Drug dealing in Cork City continues to represent a “big challenge” to gardaí, but the city’s top garda has vowed to continue to target the individuals who are “destroying our communities”.
Chief Superintendent Tom Myers made the comments at a meeting of the Cork City Joint Policing Committee (JPC) yesterday following concerns expressed regarding the visibility of drugs in the city centre.
Fianna Fáil councillor Colm Kelleher told the meeting he witnessed open drug taking in the city centre on Sunday afternoon outside a premises on Patrick Street.
Mr Kelleher expressed sympathy for those with drug problems but said additional gardaí are needed to more effectively police the city centre.
“In fairness to the Chief Superintendent, ye are doing an exemplary job with the resources ye have to hand, but we do need to press the issue to the [Garda] Commissioner that we do need our fair share of allocation of gardaí down here,” he said.
Mr Kelleher, who has been steadfast in his support of a supervised injection centre (SIF) for Cork City, said his faith in the idea was further solidified following a recent visit to a city in the state of New York.
“When I was in the States a week ago, I spoke with the Mayor of Rochester, they have a supervised injection facility in Rochester in Upstate New York, and since it was delivered they’ve seen an 84%-85% reduction in open drug use within their city,” he said.

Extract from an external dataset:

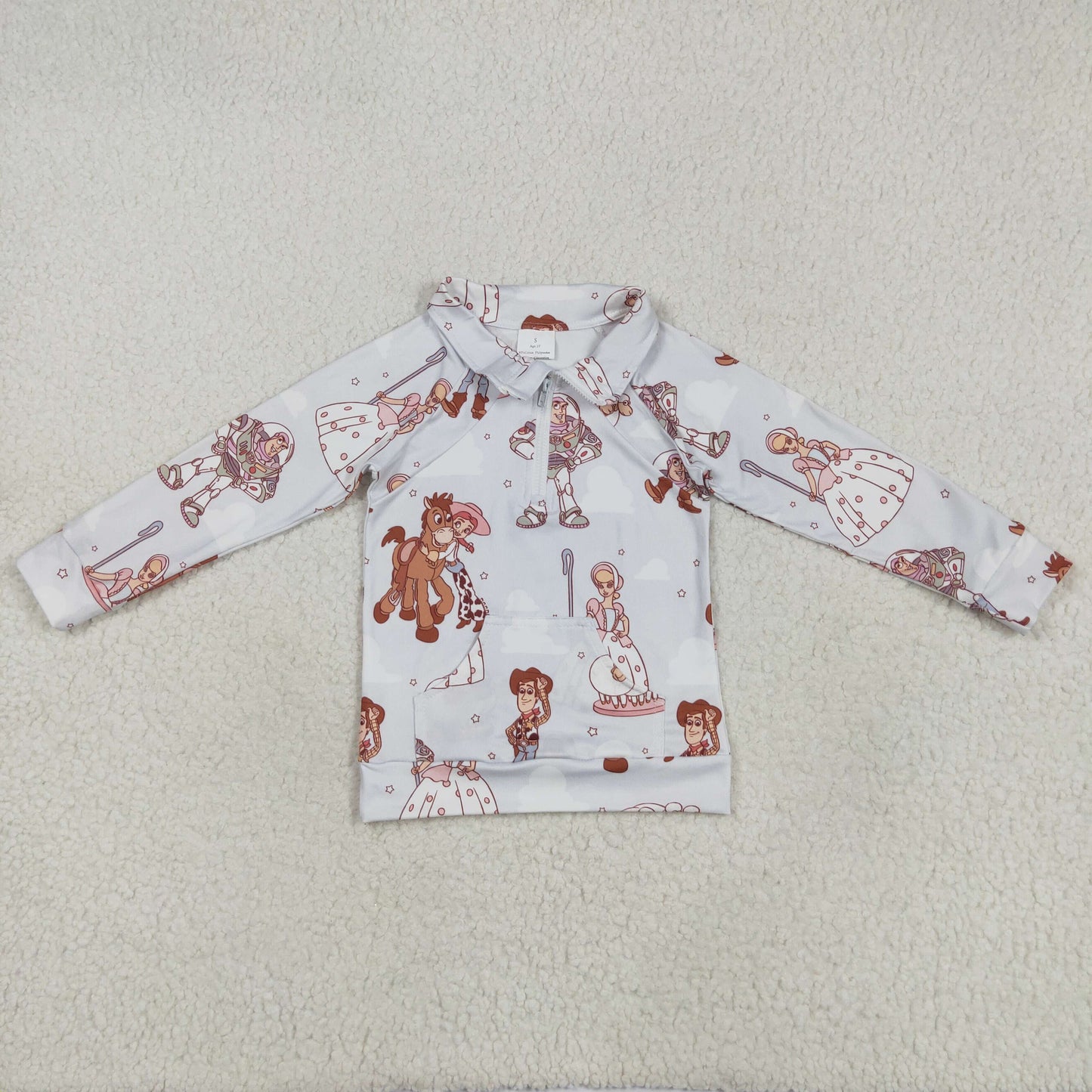 Sibling Baby Girls Cartoon Toy Outfit +Pullover Top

“The proof is in the pudding. They do work.”
Concerns around open drug taking were also expressed by Labour councillor John Maher who said some elderly people are now “fearful” of coming into the city centre.

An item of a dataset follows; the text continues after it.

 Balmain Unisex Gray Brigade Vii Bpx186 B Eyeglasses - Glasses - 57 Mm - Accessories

Chief Supt Myers said drugs continue to represent a “big challenge” for gardaí.
“We have 110 people detected with drugs already around the city so far this year [January and February],” he said.

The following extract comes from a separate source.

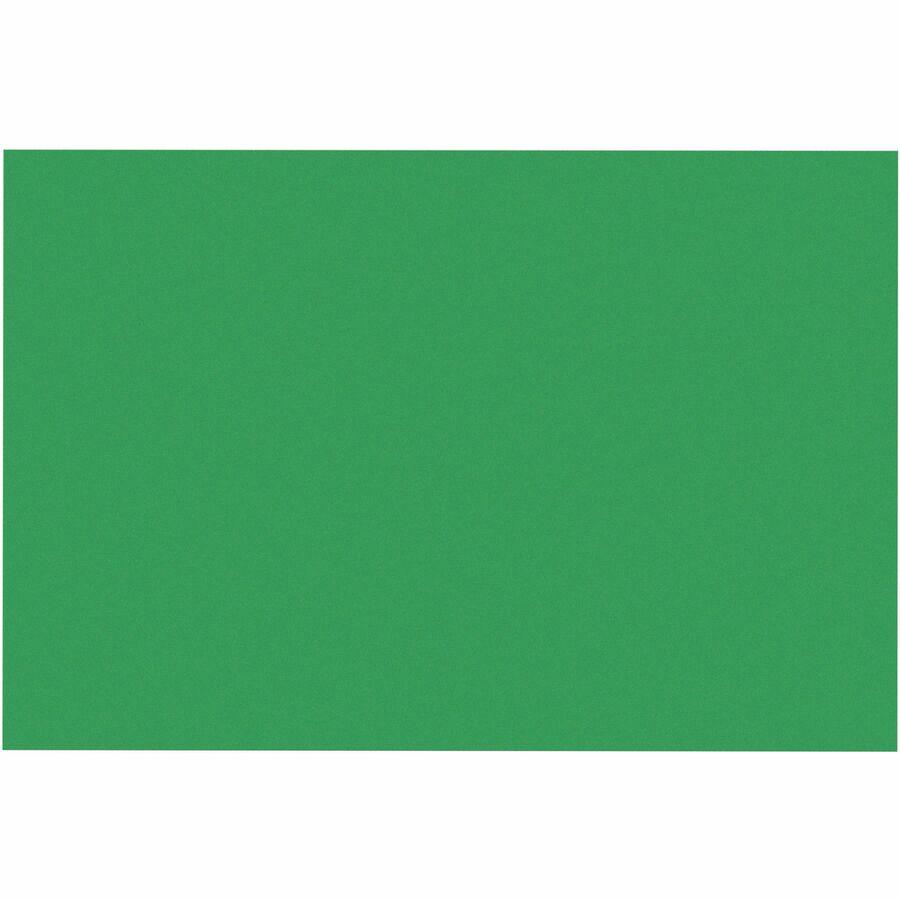 SunWorks Construction Paper - Multipurpose - 0.50"Height x 12"Width x 18"Length - 50 / Pack - Holiday Green. Picture 3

“We have arrested 35 people for possession of drugs for sale or supply, but quite clearly we’re not doing enough.
“There are drugs in every corner of the city now.
“Unfortunately, that’s the world we’re living in, but I can give you a commitment that we will continue to target those who are destroying our communities really in relation to drug trafficking and drug dealing around the city.”
Chief Supt Myers agreed that the idea of a SIF for the city, previously raised at JPC meetings, should “stay on the agenda”.
Cork City Council chief executive Ann Doherty suggested that a meeting could be sought with the Minister of State at the Department of Health, Hildegarde Naughton, with a view to progressing the matter.